■ **Work to be completed**
Beginning with the line that holds "Great Greenland Stamp Collection Lot MXE" and ending with the last line, please repeat the entries exactly and omit the pictures.

(Brief descriptive captions)
——

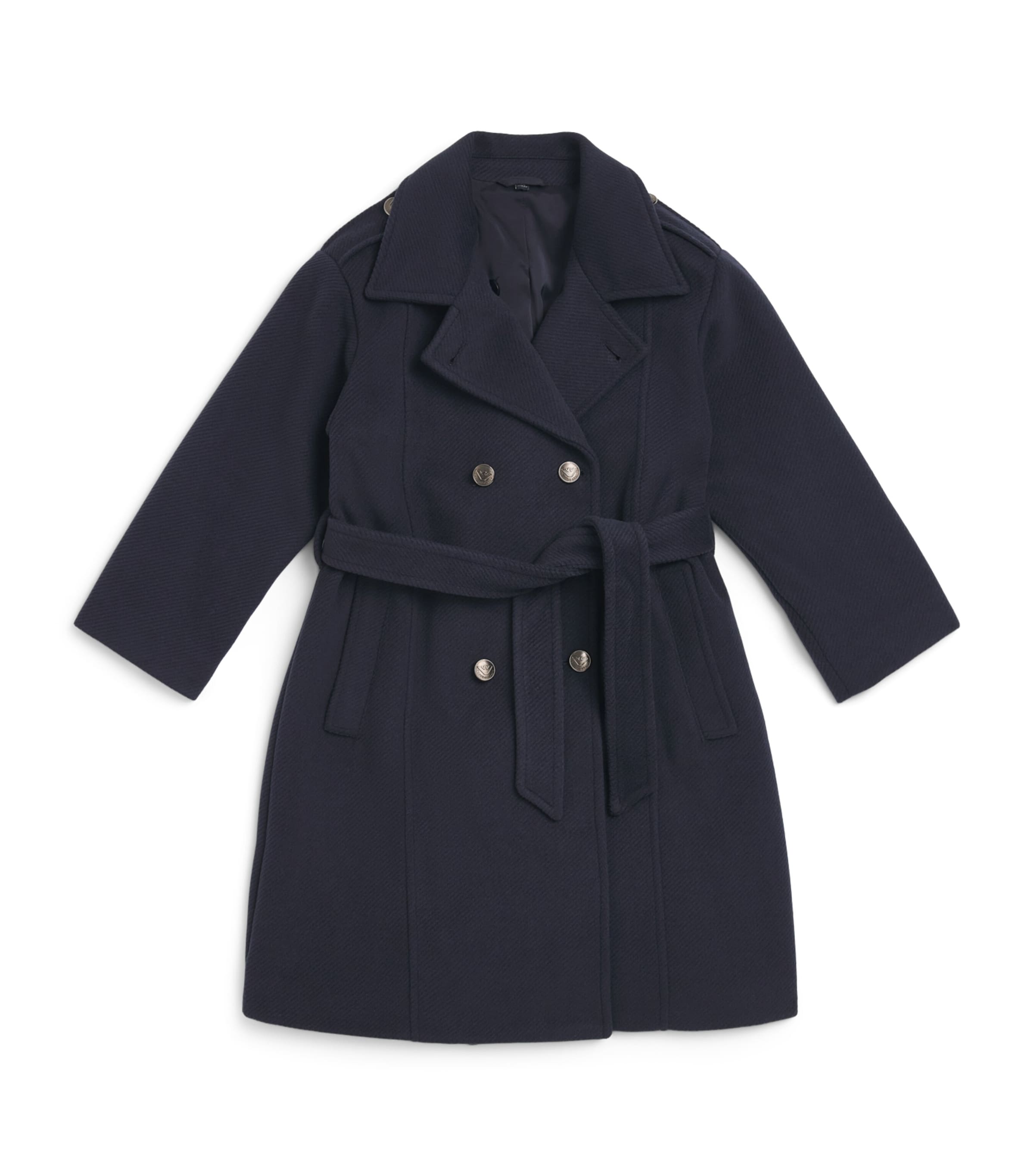 Emporio Armani Kids Belted Peacoat (6-14 Years) Iconico Blu Nvy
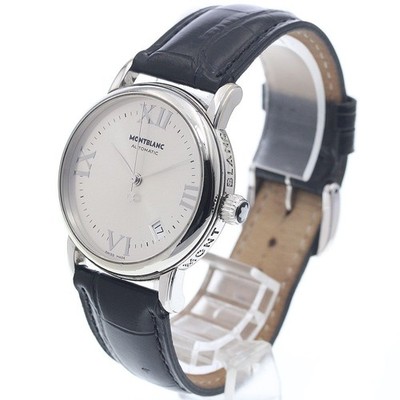 Montblanc Meisterstück 7042 Edelstahl x Leder Silber Automatik Datum Herren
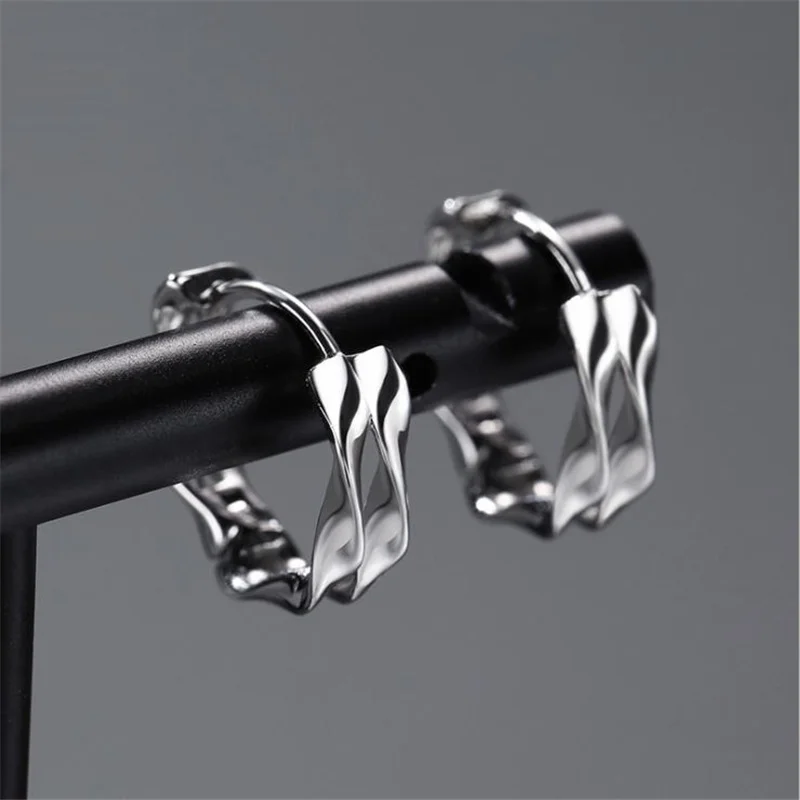 

Personality Male Hoops Earrings For Women Jewelry Top Quality Sterling Silver 925 Earrings Men Party Accessories Boyfriend Gift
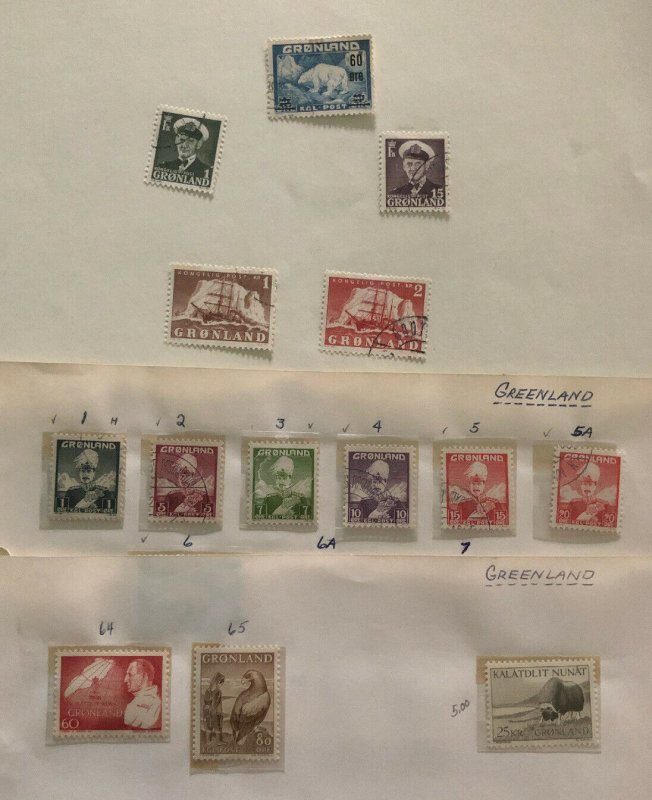 Great Greenland Stamp Collection Lot MXE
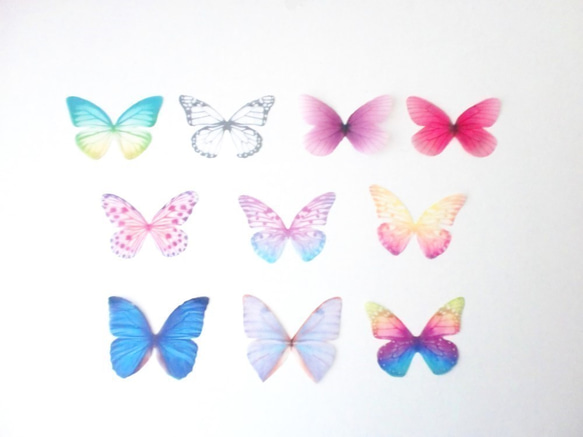 ちょうちょのパーツ 5cm オーガンジー シフォン 素材 蝶々 蝶 パーツ グラデーション ちょうちょ 12 5枚目の画像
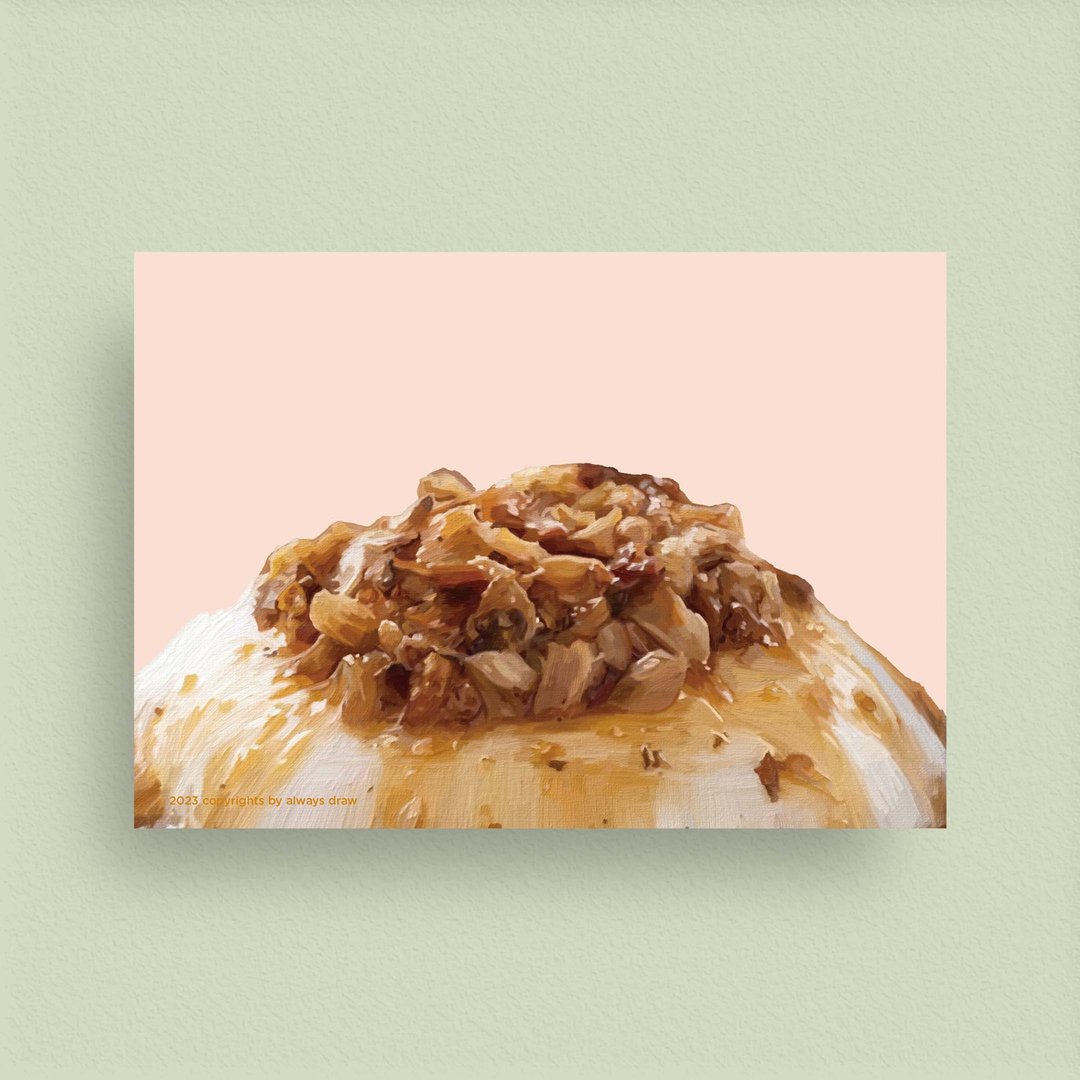 碗粿 - 台湾小吃明信片 - always eat 总绘吃系列 - 卡片/明信片 - 纸 粉红色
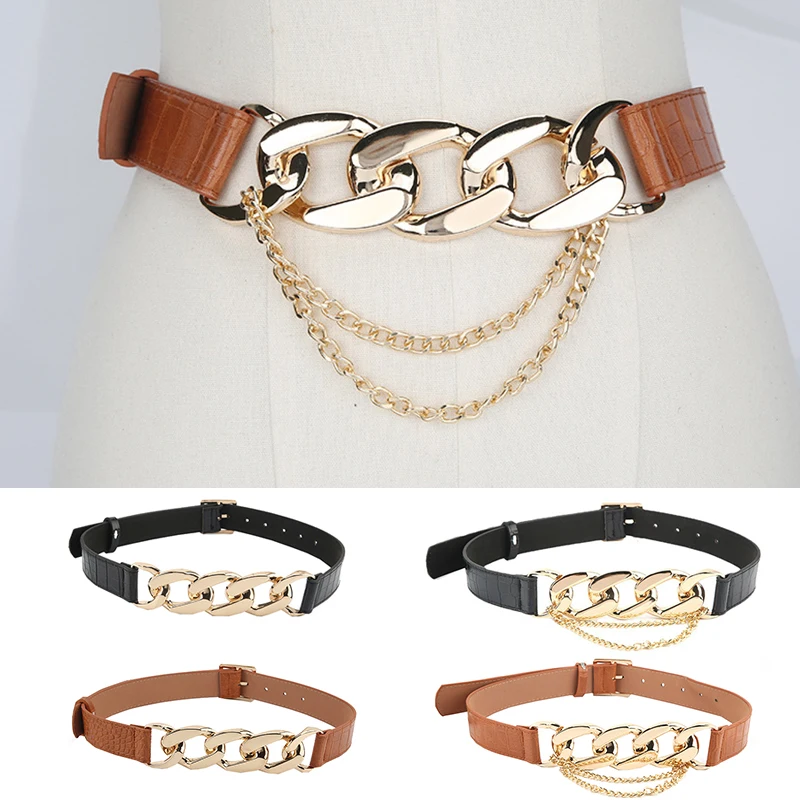Gold Chain Faux Leather Belt Metal Waist Chain Belt Ladies Coat Dress Waistbands Stone Pattern Buckle Belt Stretch Cummerbunds
Gold Chain Faux Leather Belt Metal Waist Chain Belt Ladies Coat Dress Waistbands Stone Pattern Buckle Belt Stretch Cummerbunds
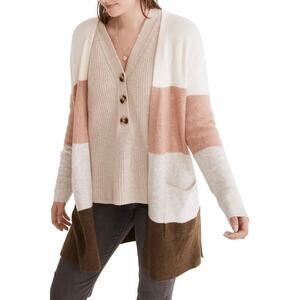 Madewell Striped Colorblock Cardigan Sweater open front long sleeve wool/alpaca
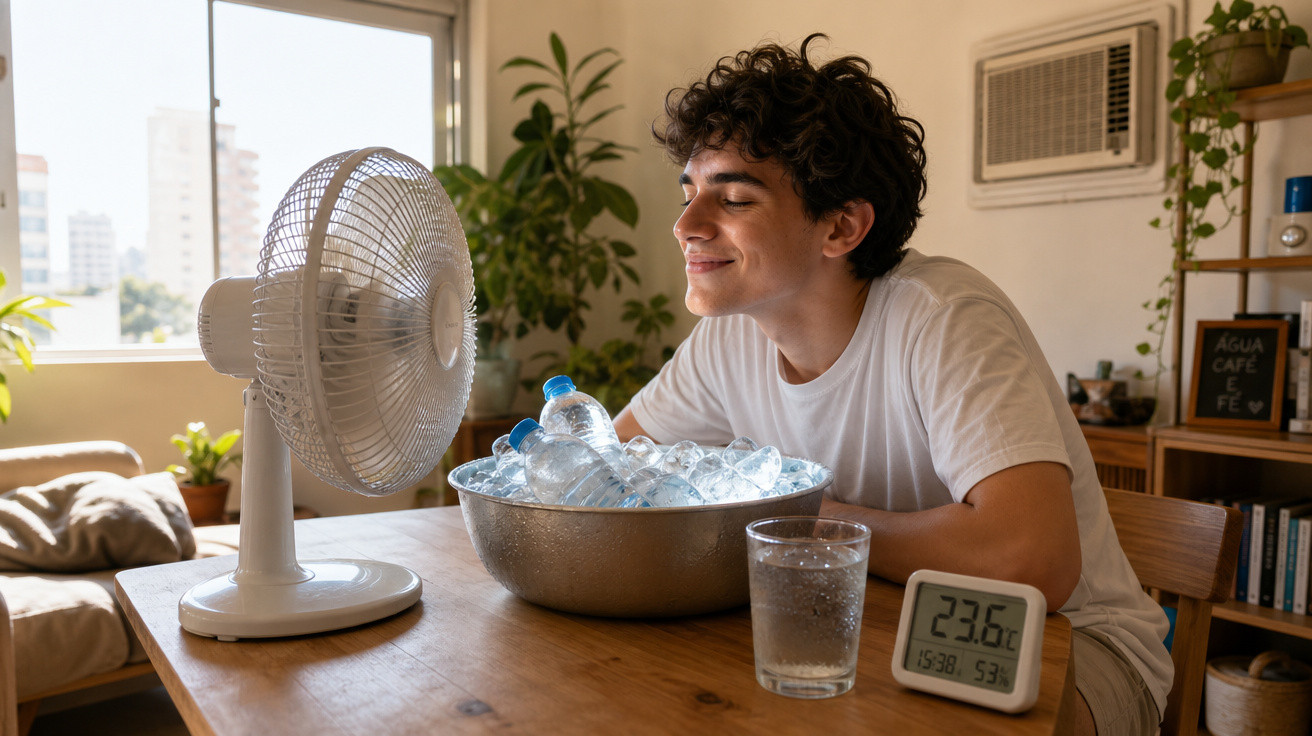 Jovem aproveita o ventilador em mesa com tigela de gelo e garrafas, copo de água e termômetro digital.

——

■ **Answer to this problem**
 Great Greenland Stamp Collection Lot MXE
 ちょうちょのパーツ 5cm オーガンジー シフォン 素材 蝶々 蝶 パーツ グラデーション ちょうちょ 12 5枚目の画像
 碗粿 - 台湾小吃明信片 - always eat 总绘吃系列 - 卡片/明信片 - 纸 粉红色
Gold Chain Faux Leather Belt Metal Waist Chain Belt Ladies Coat Dress Waistbands Stone Pattern Buckle Belt Stretch Cummerbunds
Gold Chain Faux Leather Belt Metal Waist Chain Belt Ladies Coat Dress Waistbands Stone Pattern Buckle Belt Stretch Cummerbunds
 Madewell Striped Colorblock Cardigan Sweater open front long sleeve wool/alpaca
 Jovem aproveita o ventilador em mesa com tigela de gelo e garrafas, copo de água e termômetro digital.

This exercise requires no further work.